Abstract
Almost everything about the Amazon River is truly gigantic and amazing. It crosses more than 7,000 km. The area from which water and materials drain into the Amazon River from higher lands to the river’s lowland plains covers about 7 million km2. This area connects aquatic and terrestrial ecosystems that contain 20% of the Earth’s fresh water and most of the Earth’s diversity of living organisms. Humid areas, where bodies of water directly affect biodiversity, cover 30% of Amazonia. Water in various forms, from flying rivers in the form of clouds, to rainfall, to flow of water from highlands to lowlands, is a major factor affecting biodiversity Amazonia. You can see this effect all over Amazonia, and water has controlled the ecosystem of this area for many years. The Amazon contains numerous species that together form a complex forest, both on land and underwater.

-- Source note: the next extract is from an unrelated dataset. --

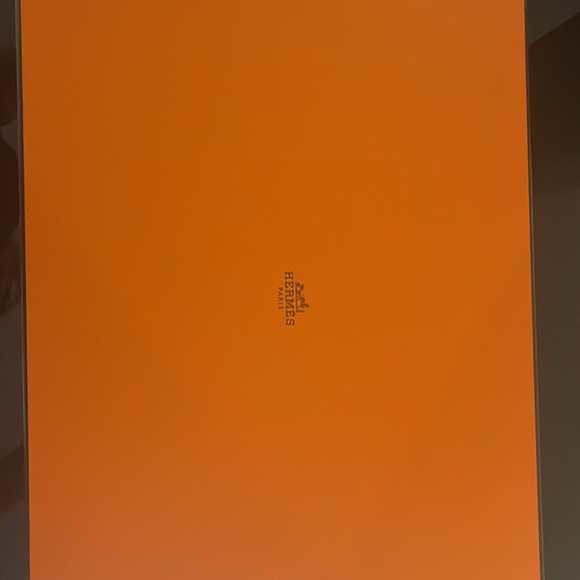 Stop and read 💯 Authentic New Hermès bag- Has been stolen 🛑by breaking in - Picture 3 of 3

The Biggest River on Earth
Amazonia is the area drained by the Amazon River, and Amazonia covers about 7 million km2. This massive area contains a large proportion of the world’s microbial, animal, and plant species that together form a complex forest, both above ground and underwater. Almost everything about this mighty river is truly gigantic and amazing. The Amazon crosses more than 7,000 km of northern South America, from the Apurímac River at the Andes Mountains of south Peru to the Atlantic Ocean in north Brazil (Figure 1).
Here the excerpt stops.